Captioned web image data:
◆ ◆ ◆ ◆ ◆
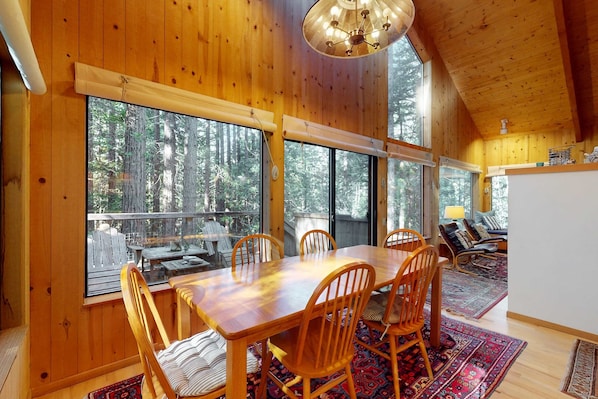 Un intérieur en bois avec une table à manger, des chaises et de grandes fenêtres donnant sur une forêt.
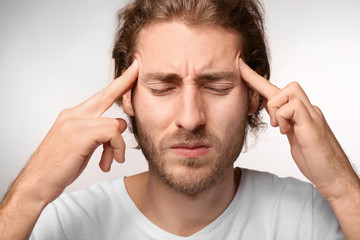 Young man suffering from headache on light background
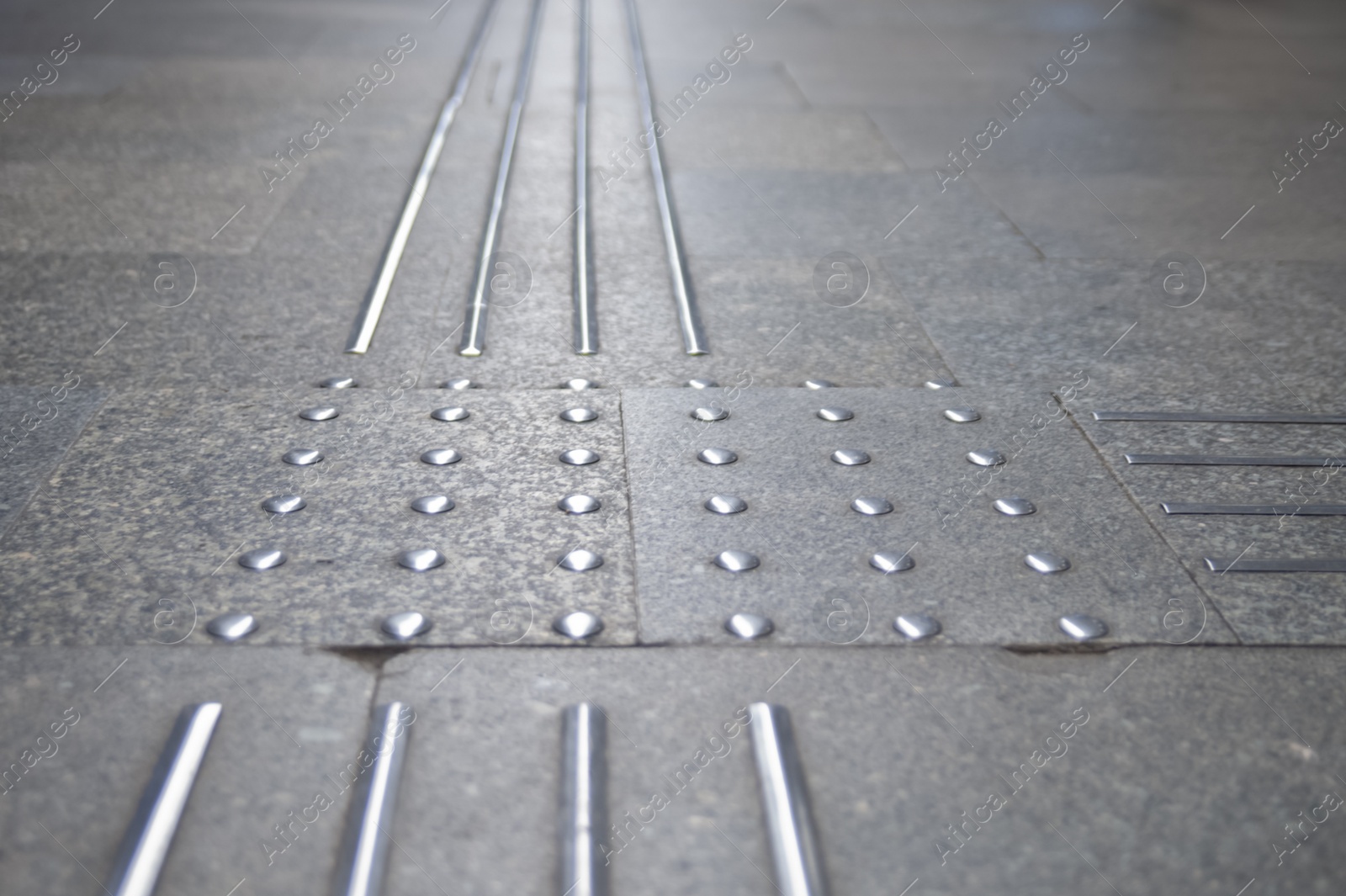 Photo of Floor tiles with tactile ground surface indicators, closeup view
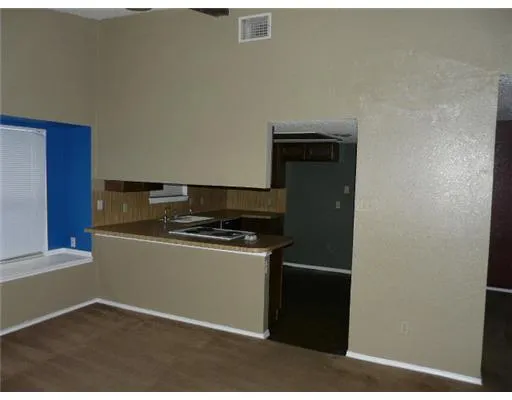 a kitchen with a stove and a refrigerator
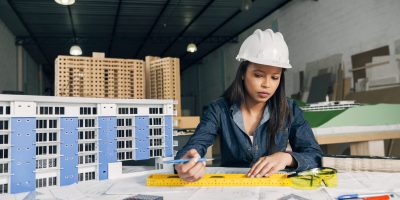 african-american-woman-safety-helmet-working-near-model-building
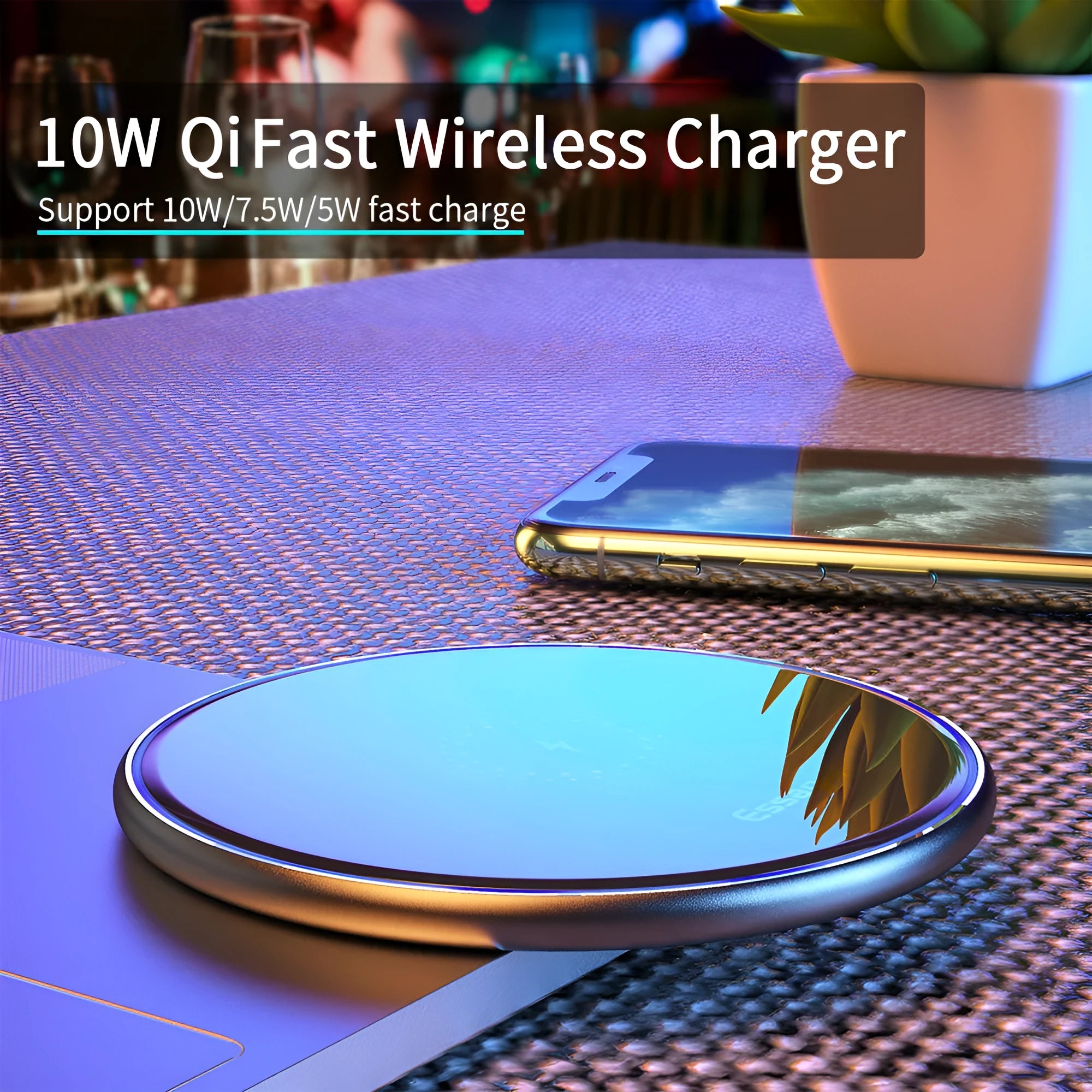 Black 15W Qi fast wireless charging pad with aluminium body and LED light, shown next to a smartphone.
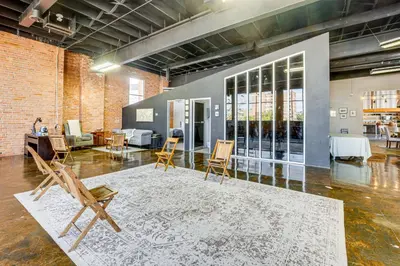 a room with chairs and a rug on the floor at Walk to Huntington Center 5,000-Sq-Ft Dtwn Apt in Toledo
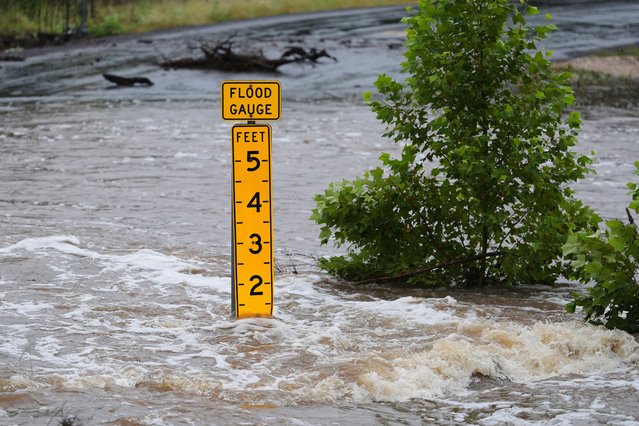 A flood gauge marks the height of water flowing over a farm-to-market road near Kerrville, Texas, on Friday, July 4, 2025. (Photo by Eric Gay/AP Photo)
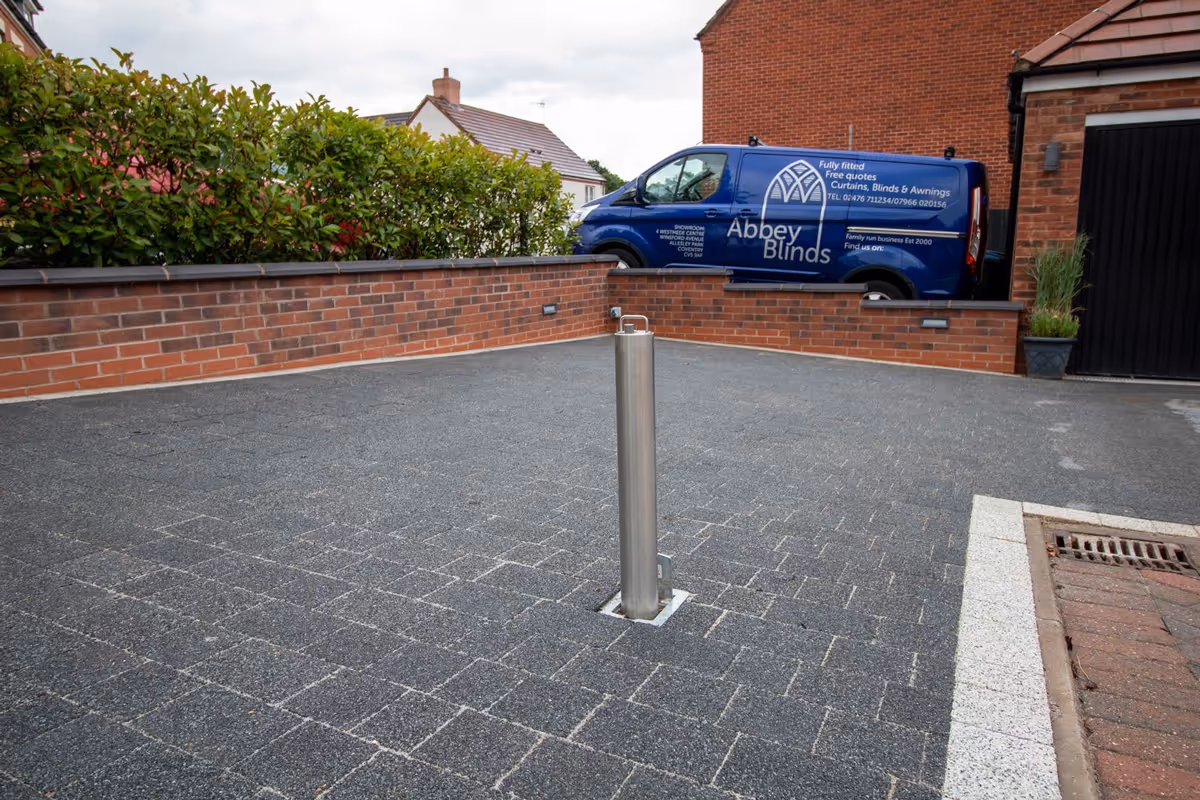 Resin-topped regular block paving driveway with white block border and security posts for a caravan. Retaining wall with tile crease and blue engineering header course - angle 7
◆ ◆ ◆ ◆ ◆
Exercise instructions:
Retype all of the entries exactly as written, leaving out any images.

Answer for this exercise:
 Un intérieur en bois avec une table à manger, des chaises et de grandes fenêtres donnant sur une forêt.
 Young man suffering from headache on light background
 Photo of Floor tiles with tactile ground surface indicators, closeup view
 a kitchen with a stove and a refrigerator
 african-american-woman-safety-helmet-working-near-model-building
 Black 15W Qi fast wireless charging pad with aluminium body and LED light, shown next to a smartphone.
 a room with chairs and a rug on the floor at Walk to Huntington Center 5,000-Sq-Ft Dtwn Apt in Toledo
 A flood gauge marks the height of water flowing over a farm-to-market road near Kerrville, Texas, on Friday, July 4, 2025. (Photo by Eric Gay/AP Photo)
 Resin-topped regular block paving driveway with white block border and security posts for a caravan. Retaining wall with tile crease and blue engineering header course - angle 7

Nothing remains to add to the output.